Para el funcionario que abrió el expediente, perder frente al contribuyente apenas tiene consecuencias negativas, por muy peregrinas que fueran las razones que le llevaron a investigarle.
Enfrente, la situación contraria: el contribuyente gana muy poco incluso si gana. Le dan la razón si no ha pagado nada y le devuelven lo adelantado con unos intereses más bien reducidos si lo ha hecho (que ésa es otra: lo de tener que pagar para reclamar es otro nivel de desproporción brutal y que también disuade a muchos de perseguir lo que creen que es justo). Por supuesto, ganar no le evita ni uno solo de los minutos de preocupación de los meses (años, más bien) que dure el proceso.
La interpretación
Y entonces llega la frase demoledora: "Todo lo anterior puede ser cierto, pero sólo afecta a los que incumplen la norma; el que lo tenga todo en orden no tiene que preocuparse de nada". Demoledora y falsa.
El gran problema de la relación entre la AEAT y el ciudadano no reside en todo lo apuntado anteriormente, que es cierto y que habría que tratar de corregir (por ejemplo, limitando mucho más los plazos durante los que puede estar abierta una inspección). Al final, lo que lo ensucia todo es una norma abierta a todo tipo de interpretaciones. Ahí es dónde el contribuyente se siente desarmado.
Porque la mayor parte de lo descrito hasta ahora es casi inevitable: Hacienda siempre tendrá más fuerza, más tiempo y menos miedo a perder que el ciudadano medio. Pero sería mucho menos grave si el investigado al menos supiera que va a ganar; que puede demostrar que lo ha hecho todo bien y no hay por dónde cazarle; que el inspector se equivoca; que tiene todos los papeles en regla. El problema real es que casi nunca puede estar seguro. Porque la norma es abierta, equívoca, compleja, extensísima, llena de detalles casi imposibles de dominar por completo y cambiante. Y porque a esa norma se suman interpretaciones que también van variando en el tiempo, a veces de forma más que caprichosa.
Esto, que casi cualquier ingreso-concepto-factura-gasto es susceptible de ser interpretado de una manera u otra, lo saben las dos partes. Y aquí volvemos al epígrafe anterior y a la desproporción en las consecuencias. Uno piensa por qué no abrir una inspección, aunque el caso sea dudoso, a ver qué encontramos. Al otro lo que le viene a la cabeza es si merece la pena arriesgarse y tirarse meses-años enredado en ese lío, sabiendo (1) lo poco que tiene por ganar y lo mucho que podría perder y (2) que no puede estar seguro de que le den la razón incluso aunque la tenga.

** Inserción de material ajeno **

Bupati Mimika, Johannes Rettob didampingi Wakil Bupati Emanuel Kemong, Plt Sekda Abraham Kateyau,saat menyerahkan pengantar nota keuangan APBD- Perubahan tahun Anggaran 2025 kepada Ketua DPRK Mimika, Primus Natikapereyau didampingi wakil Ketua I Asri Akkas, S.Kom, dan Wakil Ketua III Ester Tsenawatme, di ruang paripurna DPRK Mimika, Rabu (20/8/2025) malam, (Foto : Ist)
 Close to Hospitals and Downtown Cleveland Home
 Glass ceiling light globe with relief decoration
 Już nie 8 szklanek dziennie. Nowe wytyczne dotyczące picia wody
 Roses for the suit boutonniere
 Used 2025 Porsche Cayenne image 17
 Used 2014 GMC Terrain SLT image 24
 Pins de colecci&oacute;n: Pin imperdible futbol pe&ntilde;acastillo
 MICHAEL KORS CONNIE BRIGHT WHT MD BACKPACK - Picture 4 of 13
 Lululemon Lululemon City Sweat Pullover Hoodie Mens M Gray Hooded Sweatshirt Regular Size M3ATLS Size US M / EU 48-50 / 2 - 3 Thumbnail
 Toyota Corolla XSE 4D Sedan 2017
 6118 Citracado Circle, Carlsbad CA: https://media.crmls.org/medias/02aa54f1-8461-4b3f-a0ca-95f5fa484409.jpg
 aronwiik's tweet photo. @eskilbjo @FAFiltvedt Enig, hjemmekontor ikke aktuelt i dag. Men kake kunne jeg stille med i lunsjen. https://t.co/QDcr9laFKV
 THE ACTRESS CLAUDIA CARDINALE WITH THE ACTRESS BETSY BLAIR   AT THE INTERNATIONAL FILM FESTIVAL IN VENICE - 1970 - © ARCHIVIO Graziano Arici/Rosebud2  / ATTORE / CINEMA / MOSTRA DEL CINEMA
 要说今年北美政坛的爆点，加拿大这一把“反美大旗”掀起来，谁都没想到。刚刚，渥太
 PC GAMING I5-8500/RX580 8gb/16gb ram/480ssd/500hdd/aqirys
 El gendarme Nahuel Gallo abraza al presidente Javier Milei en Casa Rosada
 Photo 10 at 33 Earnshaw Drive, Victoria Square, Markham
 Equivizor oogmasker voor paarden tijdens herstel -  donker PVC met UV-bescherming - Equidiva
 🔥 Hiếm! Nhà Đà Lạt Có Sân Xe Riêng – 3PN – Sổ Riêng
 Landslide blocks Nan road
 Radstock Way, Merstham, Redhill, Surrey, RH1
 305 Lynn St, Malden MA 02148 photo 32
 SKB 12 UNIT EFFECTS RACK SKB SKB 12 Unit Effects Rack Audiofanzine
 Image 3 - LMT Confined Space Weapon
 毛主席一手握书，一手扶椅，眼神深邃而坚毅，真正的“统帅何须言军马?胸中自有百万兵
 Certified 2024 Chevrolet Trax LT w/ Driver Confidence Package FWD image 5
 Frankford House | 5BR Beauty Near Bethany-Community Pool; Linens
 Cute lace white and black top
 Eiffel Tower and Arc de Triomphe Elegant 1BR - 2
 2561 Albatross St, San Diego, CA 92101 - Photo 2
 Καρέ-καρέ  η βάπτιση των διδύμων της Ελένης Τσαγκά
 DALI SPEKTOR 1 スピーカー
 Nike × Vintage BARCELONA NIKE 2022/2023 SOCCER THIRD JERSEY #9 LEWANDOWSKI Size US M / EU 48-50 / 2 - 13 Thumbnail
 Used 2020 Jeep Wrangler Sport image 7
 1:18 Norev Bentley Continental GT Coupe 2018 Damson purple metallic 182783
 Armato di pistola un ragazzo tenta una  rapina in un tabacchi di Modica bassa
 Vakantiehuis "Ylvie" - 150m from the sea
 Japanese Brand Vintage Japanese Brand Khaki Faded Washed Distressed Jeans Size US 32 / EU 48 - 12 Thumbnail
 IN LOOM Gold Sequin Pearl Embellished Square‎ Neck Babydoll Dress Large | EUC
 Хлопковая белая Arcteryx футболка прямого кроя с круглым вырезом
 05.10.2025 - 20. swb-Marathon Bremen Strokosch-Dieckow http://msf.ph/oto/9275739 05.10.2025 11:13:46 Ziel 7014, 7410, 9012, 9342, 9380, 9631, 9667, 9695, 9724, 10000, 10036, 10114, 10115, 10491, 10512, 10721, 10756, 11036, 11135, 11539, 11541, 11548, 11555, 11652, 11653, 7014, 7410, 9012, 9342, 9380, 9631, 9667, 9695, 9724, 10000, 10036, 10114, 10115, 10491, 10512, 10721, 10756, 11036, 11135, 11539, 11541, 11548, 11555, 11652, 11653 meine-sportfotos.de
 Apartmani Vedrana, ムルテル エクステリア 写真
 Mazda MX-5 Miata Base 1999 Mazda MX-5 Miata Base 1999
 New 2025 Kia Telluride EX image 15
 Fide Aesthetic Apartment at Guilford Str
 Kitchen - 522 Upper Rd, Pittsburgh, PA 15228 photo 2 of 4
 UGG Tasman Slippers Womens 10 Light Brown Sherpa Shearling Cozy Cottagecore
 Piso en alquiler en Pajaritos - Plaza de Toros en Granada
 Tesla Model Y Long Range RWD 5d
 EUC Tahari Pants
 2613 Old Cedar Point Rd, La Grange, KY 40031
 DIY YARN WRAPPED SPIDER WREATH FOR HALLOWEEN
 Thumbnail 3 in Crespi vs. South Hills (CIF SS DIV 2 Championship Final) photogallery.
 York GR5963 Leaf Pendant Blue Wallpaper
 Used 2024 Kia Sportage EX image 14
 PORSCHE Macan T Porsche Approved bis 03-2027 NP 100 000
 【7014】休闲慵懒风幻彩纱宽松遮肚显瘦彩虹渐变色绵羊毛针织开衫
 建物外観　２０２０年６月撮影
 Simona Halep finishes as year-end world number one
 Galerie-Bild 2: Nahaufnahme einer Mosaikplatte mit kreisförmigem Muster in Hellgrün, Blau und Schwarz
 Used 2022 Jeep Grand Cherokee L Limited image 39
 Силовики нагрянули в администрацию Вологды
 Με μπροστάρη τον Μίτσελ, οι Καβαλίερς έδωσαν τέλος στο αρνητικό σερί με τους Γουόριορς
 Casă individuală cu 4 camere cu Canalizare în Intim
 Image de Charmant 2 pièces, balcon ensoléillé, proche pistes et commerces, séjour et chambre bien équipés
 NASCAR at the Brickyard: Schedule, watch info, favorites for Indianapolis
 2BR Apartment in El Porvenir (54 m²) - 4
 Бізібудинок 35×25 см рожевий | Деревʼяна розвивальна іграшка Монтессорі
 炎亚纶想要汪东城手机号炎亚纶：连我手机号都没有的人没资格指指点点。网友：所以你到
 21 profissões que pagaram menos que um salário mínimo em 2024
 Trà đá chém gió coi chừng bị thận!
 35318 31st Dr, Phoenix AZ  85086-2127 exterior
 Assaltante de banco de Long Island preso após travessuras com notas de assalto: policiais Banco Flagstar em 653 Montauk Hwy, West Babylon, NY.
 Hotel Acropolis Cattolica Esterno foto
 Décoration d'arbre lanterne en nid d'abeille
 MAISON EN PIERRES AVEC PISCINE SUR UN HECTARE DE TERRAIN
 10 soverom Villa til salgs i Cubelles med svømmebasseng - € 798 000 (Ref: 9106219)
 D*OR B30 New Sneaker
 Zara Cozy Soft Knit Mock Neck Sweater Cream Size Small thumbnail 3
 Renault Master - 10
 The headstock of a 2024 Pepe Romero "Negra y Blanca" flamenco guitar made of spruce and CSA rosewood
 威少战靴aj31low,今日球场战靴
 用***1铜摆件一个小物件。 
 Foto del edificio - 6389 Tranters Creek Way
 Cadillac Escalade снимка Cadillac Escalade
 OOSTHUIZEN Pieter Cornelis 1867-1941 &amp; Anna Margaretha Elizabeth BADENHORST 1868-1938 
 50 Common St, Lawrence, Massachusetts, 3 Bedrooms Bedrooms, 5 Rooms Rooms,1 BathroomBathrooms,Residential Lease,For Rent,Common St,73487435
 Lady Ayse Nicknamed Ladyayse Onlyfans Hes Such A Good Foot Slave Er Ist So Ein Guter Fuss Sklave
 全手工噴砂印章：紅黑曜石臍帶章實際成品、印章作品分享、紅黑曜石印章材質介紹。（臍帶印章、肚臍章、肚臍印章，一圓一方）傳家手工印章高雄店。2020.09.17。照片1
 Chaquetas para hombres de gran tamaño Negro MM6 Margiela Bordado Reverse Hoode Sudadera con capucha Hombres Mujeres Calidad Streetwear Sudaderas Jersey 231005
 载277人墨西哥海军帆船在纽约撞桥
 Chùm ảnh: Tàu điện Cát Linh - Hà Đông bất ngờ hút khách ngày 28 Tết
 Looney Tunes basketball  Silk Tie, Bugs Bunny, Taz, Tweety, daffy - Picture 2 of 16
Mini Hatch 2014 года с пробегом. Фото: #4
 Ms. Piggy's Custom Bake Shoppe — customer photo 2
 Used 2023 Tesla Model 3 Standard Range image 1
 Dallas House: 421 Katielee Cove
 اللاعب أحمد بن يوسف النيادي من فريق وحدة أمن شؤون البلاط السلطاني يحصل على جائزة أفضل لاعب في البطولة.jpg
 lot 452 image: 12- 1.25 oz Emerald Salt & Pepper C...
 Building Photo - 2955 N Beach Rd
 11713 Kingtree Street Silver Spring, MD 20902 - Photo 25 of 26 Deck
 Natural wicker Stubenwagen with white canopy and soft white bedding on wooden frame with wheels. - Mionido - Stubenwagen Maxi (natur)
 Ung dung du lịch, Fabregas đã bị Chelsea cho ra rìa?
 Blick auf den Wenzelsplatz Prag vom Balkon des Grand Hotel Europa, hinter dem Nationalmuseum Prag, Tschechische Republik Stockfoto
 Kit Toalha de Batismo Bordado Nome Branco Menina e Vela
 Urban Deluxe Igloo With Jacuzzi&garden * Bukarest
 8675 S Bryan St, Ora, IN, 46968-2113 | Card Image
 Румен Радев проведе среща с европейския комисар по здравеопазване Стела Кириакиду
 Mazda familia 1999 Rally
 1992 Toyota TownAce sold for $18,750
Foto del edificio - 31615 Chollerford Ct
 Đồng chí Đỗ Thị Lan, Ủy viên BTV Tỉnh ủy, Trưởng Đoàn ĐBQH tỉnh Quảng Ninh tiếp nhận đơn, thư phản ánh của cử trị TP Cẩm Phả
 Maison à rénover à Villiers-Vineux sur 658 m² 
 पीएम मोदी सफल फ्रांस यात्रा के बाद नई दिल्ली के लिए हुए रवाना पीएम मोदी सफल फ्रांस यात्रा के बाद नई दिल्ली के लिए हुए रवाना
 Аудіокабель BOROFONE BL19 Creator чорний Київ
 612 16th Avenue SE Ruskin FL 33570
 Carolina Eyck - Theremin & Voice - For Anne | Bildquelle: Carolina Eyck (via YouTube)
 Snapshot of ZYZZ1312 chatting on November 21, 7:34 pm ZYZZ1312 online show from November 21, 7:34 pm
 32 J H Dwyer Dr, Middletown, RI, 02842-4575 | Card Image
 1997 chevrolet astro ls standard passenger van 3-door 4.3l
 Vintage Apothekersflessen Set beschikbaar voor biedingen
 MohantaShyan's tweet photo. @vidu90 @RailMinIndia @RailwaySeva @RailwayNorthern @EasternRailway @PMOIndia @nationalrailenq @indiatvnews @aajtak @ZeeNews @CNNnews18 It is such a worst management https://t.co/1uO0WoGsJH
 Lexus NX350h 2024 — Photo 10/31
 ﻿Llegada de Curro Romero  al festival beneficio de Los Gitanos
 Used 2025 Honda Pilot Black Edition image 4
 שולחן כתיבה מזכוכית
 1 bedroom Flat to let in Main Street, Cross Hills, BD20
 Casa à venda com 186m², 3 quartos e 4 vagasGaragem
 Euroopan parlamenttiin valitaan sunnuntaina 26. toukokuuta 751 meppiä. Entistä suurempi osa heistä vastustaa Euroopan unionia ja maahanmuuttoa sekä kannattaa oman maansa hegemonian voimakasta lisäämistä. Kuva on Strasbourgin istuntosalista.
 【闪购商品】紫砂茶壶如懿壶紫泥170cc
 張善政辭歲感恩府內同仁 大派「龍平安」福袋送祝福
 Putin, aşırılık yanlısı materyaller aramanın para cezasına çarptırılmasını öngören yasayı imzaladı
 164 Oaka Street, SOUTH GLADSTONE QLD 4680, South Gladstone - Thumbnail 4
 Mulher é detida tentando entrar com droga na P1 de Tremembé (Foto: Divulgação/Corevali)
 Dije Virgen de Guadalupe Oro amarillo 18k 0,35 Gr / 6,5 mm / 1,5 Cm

Las dos frases más terribles que he escuchado en los últimos meses, cuando me ha tocado escribir sobre este tema, son: "He aconsejado a mi cliente que pague, aunque tiene razón" o "Mi cliente me ha dicho que le da igual si está todo en regla, prefiere abonar la multa y olvidarse de todo". Nadie debería verse obligado a pensar siquiera en esos términos que son en sí mismos una renuncia a tus derechos. Una decisión que se toma no por carecer de razón, sino por puro agotamiento o por miedo al proceso. Todos sabemos que la mayoría de nosotros se lo plantearía seriamente si le tocase la china. "Paga y olvídalo todo; no pelees, no merece la pena", te aconsejan los que te rodean. Probablemente tienen razón. Porque si le sumas horas, preocupaciones, coste de abogados o asesores, salud... sale mucho más barato pagar la multa aunque no debas. Lo que sorprende del caso de Xabi Alonso no es que tenga razón; lo que nos maravilla a todos es que haya peleado por demostrarlo.
Por cierto, un apunte final: a veces parece que esa complejidad normativa es una maldición o una consecuencia no deseada de una Administración grande y que suma ineficiencias en todos sus niveles. No lo creo. En este punto creo que es un objetivo buscado con toda la intención del mundo. El legislador quiere normas abiertas y poco claras porque le benefician, porque también los que hacen las leyes saben que muchos pagarán sólo para evitar todo eso.